On behalf of From within Dance Academy and Saipranati's family, we cordially welcome all of you to an evening of dance. I'm , a post-Arangetram student at From Within Academy, and I will be your MC for this evening.

Before we get started, I’d like to remind everyone of some house rules.


- No food or drink is allowed in the auditorium

- If you must leave the auditorium during the performance; please do so in-between items

- If you have young children, please sit towards the aisle. Kindly leave the auditorium if they get restless and start crying so that it is not disturbing to the rest of the audience members. Kindly do not let the children roam around the theater unattended.

- Kindly maintain silence and talk softly when the show is in progress. If you talk loudly, it distrubs the artistes on stage.


We ask our audience to turn off their phones so they can stay present with their experience of the art that will be shared. It is touching that some may feel inspired to take their own photos and videos to share on social media. Instead, we invite you to write and speak about your experience after the performance. You are also encouraged to share official photos and videos from our social media accounts.


In our digital world, it is truly special that you took the time out of your life to appreciate live art. Please prepare to immerse yourself in this experience by turning your phones off now. Please do not take any photos or videos from this point forward. Thank you for your kind understanding!

Saipranatiis a disciple of Guru Smt. Subhashini Vijay Santhanam of the From Within Dance Academy a global dance organization with centers in the US and India. This evening of dance signifies both a beginning and a culmination of sorts for the dancer which include the endless hours of rigorous practice, varied emotions and complete immersion. All of which was done in the pursuit of excellence for this moment when she finally gets on stage – “Arangetram”. In Tamil (one of the south Indian languages) Aranga means a raised stage and “etram” means “to ascend”.
All items unless otherwise mentioned have been choreographed by our beloved Guru Subhashini.
For all the items we present today, as long as we are able identify clearly, we will mention the time period of the composition or composer life period so that we get an idea into the history and context of when the poem was written and music set. It is hoped that this will give the audience a deeper insight into the relevance of the oral tradition being passed on thru generations and the relevance of the composition in current times. While several old pieces have deep, timeless, philosophical and spiritual significance and several new pieces share values of a new social context with a unique appealing freshness.
We hope that the erudite and sensitive audience present today is able to appreciate it all thru our presentation today.

Jhem Jhem Thanana

Raga: Aarabi

Tala: Aadi

Composer: Dr. M Balamurali Krishna (1930-2016)

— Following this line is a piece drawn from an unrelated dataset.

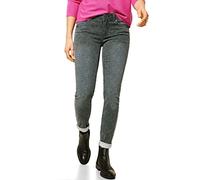 Denim Style York gepunktet bunt, Slim Fit, Medium Waist, Slim Legs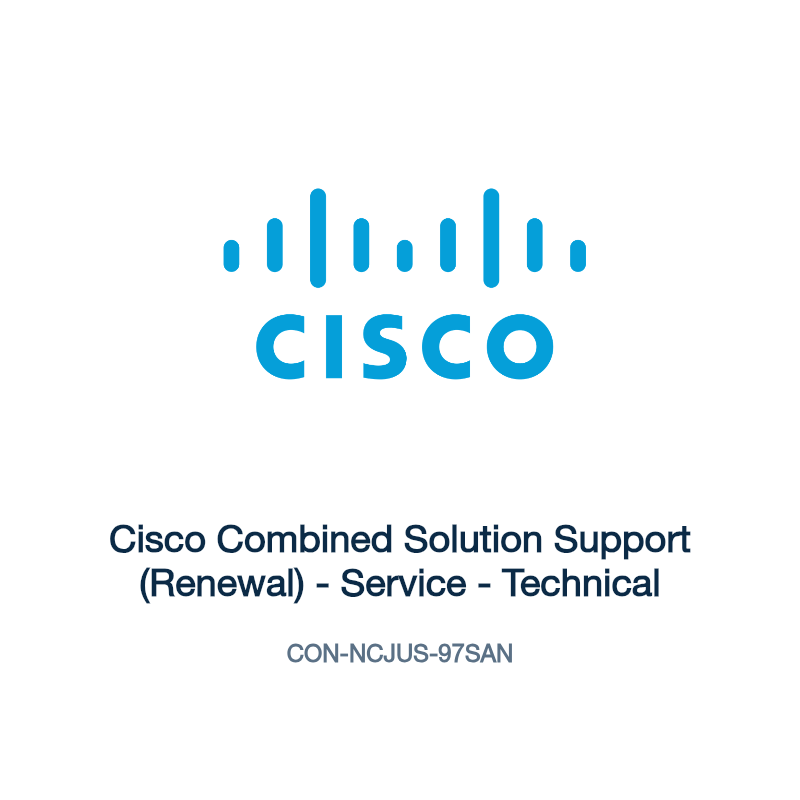CON-NCJUS-97SAN: Cisco Combined Solution Support (Renewal)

Choreographer: M Subhashini Vijay Santhanam

We commence with an offering of flowers. This is an item where the Bharatanatyam dancer salutes God, Guru and the audience. We include a verse in praise of Lord Ganesha. The verse goes –

To the one who is with me from the beginning to the end, through my learning to that Ganapathy, I fold my hands and pray, remover of obstacles, embodiment of all good qualities, leader of the Ganas, I bow to you.

Tisram Allarippu

Raga: null

Tala: Tisra Ekam

Composer: Tanjore Quartet

Choreographer: Kalakshetra/Rukmini Devi Arundale 29 February 1904 – 24 February 1986

This dance is typically an opening number. Starting with movements of the neck, eyes and shoulders, it gradually includes movements of the whole body. It is meant to represent the blossoming of a flower. This allarippu is set to a count of three beats.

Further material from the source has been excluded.